■ Exercise description ■
For this exercise, copy each line of the records that contains the word "Century".

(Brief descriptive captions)
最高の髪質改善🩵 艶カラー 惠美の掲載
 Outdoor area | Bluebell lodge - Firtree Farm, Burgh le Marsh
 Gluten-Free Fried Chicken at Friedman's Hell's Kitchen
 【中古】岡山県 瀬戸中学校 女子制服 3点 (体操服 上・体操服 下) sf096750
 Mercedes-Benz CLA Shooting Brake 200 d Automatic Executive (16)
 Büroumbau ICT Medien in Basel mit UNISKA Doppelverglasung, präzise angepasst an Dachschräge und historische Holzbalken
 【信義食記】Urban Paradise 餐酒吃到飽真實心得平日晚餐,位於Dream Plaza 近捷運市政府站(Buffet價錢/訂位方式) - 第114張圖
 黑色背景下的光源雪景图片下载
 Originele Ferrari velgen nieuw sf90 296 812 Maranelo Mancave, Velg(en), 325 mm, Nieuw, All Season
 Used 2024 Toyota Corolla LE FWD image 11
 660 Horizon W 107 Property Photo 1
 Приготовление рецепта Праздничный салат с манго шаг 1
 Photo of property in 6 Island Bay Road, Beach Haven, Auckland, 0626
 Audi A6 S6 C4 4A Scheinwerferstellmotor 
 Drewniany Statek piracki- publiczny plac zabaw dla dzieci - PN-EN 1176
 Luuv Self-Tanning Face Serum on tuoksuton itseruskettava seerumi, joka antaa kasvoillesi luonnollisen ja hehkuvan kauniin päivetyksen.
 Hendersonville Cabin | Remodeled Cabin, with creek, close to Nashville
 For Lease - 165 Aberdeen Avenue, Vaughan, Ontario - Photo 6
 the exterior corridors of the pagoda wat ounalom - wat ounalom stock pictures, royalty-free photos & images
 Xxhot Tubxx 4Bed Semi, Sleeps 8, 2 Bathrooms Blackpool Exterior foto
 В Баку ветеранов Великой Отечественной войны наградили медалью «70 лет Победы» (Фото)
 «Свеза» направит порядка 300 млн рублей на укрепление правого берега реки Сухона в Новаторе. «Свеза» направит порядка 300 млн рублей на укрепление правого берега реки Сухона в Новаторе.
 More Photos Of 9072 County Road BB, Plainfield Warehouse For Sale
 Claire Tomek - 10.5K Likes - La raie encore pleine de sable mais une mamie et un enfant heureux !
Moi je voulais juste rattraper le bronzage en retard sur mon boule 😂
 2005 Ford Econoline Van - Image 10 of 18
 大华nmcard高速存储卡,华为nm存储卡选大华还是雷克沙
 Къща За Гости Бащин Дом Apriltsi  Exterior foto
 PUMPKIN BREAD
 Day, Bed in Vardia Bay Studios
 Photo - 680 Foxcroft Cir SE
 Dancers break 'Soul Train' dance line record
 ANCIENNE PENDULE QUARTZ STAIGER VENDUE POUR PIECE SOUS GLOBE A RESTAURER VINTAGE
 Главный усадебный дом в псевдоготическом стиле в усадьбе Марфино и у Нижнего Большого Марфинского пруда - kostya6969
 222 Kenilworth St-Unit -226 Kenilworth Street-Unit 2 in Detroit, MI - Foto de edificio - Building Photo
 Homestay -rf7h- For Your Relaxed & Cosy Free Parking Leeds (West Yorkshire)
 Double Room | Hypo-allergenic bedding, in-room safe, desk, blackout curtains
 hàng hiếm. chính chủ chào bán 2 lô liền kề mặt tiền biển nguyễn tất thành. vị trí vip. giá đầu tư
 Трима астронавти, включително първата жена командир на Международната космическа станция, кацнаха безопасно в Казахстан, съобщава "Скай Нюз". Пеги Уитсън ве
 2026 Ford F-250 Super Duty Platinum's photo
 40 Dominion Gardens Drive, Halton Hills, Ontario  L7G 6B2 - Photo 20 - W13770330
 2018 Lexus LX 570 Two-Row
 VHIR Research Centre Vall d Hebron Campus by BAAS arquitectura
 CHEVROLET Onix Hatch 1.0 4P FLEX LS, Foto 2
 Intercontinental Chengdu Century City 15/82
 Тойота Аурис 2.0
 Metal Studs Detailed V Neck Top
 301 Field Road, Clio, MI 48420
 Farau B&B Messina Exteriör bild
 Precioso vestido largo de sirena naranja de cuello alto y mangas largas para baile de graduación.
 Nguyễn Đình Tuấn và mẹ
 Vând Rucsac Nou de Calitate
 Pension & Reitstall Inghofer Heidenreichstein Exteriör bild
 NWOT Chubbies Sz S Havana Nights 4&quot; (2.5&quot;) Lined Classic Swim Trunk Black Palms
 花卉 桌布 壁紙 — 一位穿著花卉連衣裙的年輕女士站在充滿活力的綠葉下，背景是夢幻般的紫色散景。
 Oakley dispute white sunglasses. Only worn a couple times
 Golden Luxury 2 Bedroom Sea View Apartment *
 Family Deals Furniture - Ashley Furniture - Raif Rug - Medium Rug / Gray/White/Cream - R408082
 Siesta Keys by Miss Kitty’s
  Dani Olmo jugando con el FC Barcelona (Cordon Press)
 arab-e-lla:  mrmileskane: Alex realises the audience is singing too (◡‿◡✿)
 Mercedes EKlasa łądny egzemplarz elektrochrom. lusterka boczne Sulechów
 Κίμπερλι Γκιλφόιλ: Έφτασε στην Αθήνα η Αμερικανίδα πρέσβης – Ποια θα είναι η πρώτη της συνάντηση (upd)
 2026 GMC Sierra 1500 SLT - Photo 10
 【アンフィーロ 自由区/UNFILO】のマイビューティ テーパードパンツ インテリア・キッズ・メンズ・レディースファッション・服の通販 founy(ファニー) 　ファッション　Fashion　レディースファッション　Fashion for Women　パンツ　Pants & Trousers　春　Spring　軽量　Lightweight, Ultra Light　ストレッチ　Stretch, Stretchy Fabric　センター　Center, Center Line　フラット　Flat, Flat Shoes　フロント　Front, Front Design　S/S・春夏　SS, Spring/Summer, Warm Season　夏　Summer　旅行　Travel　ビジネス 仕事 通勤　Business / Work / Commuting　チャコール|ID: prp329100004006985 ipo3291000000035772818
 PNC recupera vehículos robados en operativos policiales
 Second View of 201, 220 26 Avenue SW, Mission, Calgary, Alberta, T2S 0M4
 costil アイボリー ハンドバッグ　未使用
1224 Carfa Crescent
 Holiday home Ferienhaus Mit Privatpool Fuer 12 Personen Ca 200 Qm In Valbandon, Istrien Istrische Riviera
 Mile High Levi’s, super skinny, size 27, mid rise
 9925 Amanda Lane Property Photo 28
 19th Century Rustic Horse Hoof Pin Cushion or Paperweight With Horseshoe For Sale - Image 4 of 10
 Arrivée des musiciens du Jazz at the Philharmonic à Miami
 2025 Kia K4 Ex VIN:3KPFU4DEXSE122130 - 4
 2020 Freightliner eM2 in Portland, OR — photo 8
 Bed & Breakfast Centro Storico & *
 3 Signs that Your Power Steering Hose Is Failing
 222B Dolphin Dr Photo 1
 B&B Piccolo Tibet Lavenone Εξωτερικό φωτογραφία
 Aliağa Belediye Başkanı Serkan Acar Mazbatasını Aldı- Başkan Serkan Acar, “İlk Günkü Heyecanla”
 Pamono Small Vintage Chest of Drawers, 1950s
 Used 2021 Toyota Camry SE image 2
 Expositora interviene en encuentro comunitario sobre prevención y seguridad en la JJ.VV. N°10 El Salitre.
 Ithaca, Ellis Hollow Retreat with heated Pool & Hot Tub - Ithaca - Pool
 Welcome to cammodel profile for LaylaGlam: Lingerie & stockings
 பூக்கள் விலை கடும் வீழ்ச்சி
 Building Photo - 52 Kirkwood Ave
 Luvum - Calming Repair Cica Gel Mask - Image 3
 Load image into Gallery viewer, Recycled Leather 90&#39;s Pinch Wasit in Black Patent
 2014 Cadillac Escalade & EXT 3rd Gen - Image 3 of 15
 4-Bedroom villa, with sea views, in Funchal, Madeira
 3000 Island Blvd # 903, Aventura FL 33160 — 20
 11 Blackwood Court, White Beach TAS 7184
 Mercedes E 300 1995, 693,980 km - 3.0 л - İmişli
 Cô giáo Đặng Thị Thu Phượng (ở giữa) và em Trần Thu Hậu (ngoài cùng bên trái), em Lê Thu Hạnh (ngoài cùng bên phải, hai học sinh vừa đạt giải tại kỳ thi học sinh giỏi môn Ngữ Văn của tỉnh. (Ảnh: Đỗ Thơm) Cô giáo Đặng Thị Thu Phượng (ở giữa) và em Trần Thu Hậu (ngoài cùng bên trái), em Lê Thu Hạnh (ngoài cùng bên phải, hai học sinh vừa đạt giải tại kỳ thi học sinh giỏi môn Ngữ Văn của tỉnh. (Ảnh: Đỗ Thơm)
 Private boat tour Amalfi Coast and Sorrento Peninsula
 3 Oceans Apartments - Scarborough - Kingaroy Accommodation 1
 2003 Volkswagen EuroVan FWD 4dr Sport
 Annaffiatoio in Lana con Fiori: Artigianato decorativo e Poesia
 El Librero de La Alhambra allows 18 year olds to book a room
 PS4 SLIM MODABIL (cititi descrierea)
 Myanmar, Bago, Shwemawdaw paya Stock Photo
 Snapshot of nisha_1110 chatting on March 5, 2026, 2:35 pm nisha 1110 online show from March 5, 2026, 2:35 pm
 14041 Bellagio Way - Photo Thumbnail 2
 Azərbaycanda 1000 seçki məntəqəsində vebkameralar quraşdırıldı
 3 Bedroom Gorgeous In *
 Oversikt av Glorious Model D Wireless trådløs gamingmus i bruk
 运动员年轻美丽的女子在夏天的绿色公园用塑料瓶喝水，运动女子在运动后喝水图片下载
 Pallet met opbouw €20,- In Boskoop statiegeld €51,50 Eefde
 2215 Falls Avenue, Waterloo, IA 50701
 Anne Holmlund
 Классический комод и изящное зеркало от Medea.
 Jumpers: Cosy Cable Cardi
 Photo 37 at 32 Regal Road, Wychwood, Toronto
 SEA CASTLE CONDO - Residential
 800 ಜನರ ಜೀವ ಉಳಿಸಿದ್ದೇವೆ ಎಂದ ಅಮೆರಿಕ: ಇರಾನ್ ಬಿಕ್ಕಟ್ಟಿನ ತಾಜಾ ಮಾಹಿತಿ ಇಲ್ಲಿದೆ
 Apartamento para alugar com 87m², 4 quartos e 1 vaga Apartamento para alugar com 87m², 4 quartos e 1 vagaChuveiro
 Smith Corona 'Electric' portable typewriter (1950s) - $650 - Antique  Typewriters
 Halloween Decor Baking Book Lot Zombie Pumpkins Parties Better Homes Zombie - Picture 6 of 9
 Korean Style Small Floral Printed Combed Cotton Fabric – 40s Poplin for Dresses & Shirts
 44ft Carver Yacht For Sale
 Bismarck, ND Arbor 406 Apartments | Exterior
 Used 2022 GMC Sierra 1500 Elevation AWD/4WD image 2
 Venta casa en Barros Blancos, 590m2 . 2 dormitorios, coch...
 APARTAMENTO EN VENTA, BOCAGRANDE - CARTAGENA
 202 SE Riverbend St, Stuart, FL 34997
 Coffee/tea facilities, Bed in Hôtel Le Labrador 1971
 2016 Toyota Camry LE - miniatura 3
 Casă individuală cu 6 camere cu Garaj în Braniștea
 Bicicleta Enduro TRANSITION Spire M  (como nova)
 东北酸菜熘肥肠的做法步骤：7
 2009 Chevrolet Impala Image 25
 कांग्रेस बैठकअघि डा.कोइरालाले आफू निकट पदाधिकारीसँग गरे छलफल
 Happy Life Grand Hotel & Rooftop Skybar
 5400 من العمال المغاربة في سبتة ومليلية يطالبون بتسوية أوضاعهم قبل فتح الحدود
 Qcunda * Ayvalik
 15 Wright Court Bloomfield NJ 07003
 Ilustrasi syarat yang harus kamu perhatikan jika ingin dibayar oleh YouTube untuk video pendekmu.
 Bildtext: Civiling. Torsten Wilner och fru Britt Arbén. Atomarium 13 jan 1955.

■ Exercise solution ■
 Intercontinental Chengdu Century City 15/82
 19th Century Rustic Horse Hoof Pin Cushion or Paperweight With Horseshoe For Sale - Image 4 of 10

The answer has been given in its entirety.